4) I agree with Shea in believing it is the light of Jesus Christ that illuminates the older Testament, but I would caution anyone who may tend to say that we can find all Christian beliefs TAUGHT in the Old Testament to know the difference between what is explicitly taught in a literal sense and what is construed, concluded, supported, hinted at, prefigured, implied or illustrated.
I’ll be a real Protestant here: the plain language of scripture (or the silence of scripture) should be held in higher regard than any other source of teaching. Many of us are prepared to articulate the place of tradition in our understanding of scripture, and to say that evangelicalism has too long erred in a kind of “nuda scriptura” mode. But it remains the case that our separation from our Roman friends seldom involves an acceptance of what scripture says, but an insistence that we much accept an approach to tradition that renders scripture too pliable.
I want to thank Mark Shea for penning a superb introduction to the Bible, and I recommend this book highly.

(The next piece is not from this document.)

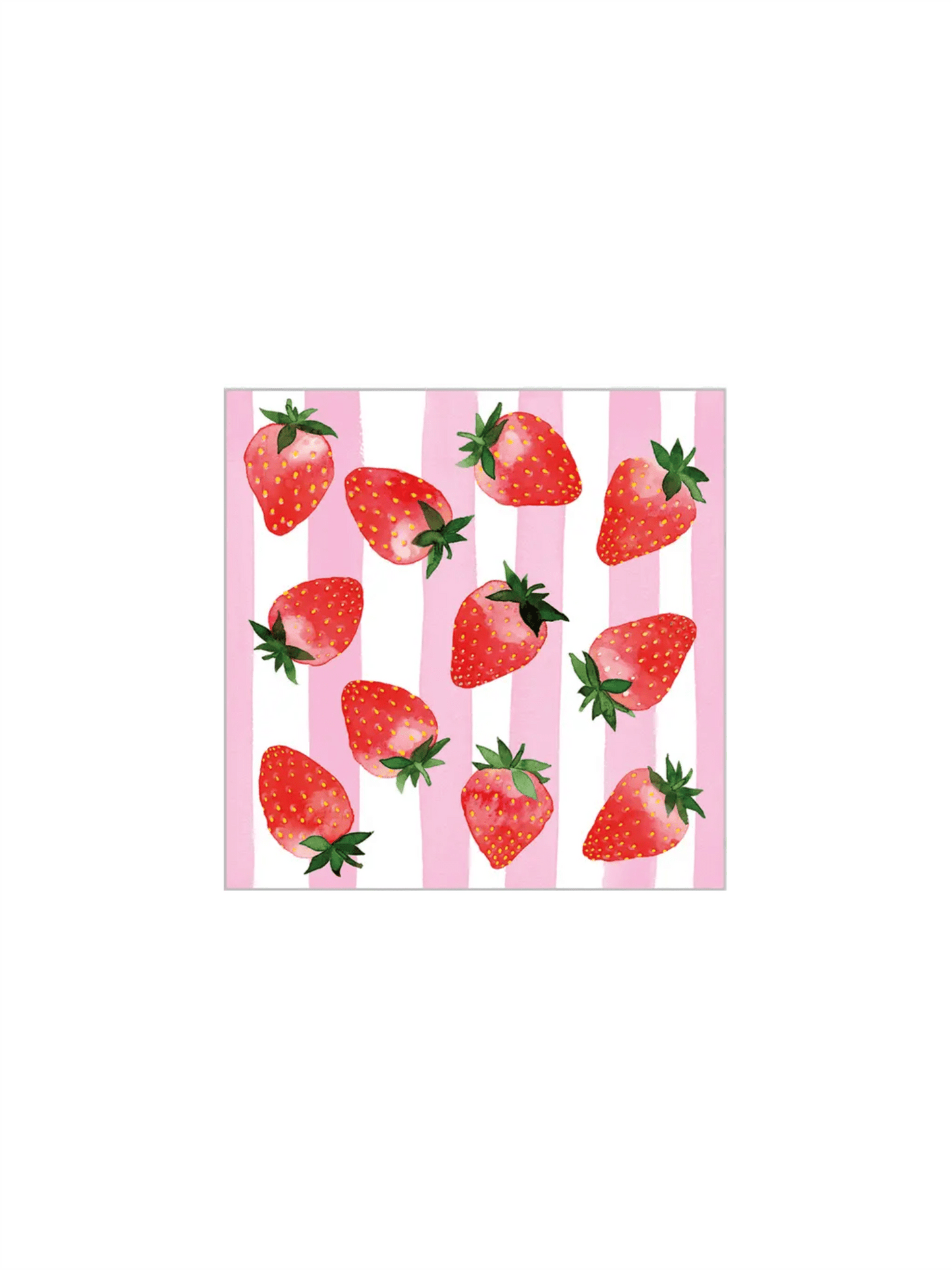 Servietter - Strawberry & Stripes 25x25cm - at home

We can all rejoice in the renewed emphasis on scripture since Vatican II. One can now hear more scripture in the average mass than in the average evangelical worship service.
Shea’s book is well-written, engaging, extraordinarily helpful at the most important points of a practical use of the Bible and a fine book that should help Protestants understand the Roman Catholic approach to the Bible.










Mmm. Beer.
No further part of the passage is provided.